What you should do >>
Your answer should consist only of the lines below from the one with "Flood Hazards and" through the one with "White line Plane", copied exactly.

____ Extracted data

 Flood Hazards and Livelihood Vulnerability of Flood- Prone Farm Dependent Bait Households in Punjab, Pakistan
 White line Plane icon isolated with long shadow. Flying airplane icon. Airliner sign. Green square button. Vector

________
____ Extracted data

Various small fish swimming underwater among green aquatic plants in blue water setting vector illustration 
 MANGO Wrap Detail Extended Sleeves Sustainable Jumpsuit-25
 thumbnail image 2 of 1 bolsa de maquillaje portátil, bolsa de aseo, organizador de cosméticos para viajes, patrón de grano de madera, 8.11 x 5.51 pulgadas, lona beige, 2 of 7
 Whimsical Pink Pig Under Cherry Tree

________
____ Extracted data

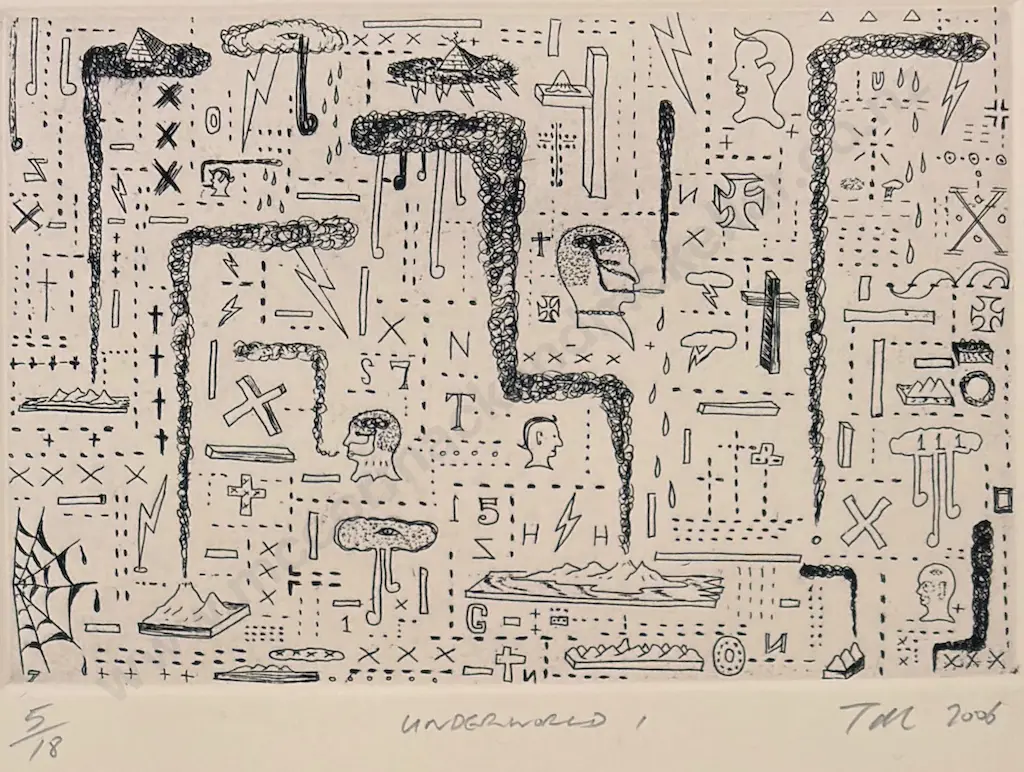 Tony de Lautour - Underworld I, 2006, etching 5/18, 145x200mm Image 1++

________

Written response >>
 Flood Hazards and Livelihood Vulnerability of Flood- Prone Farm Dependent Bait Households in Punjab, Pakistan
 White line Plane icon isolated with long shadow. Flying airplane icon. Airliner sign. Green square button. Vector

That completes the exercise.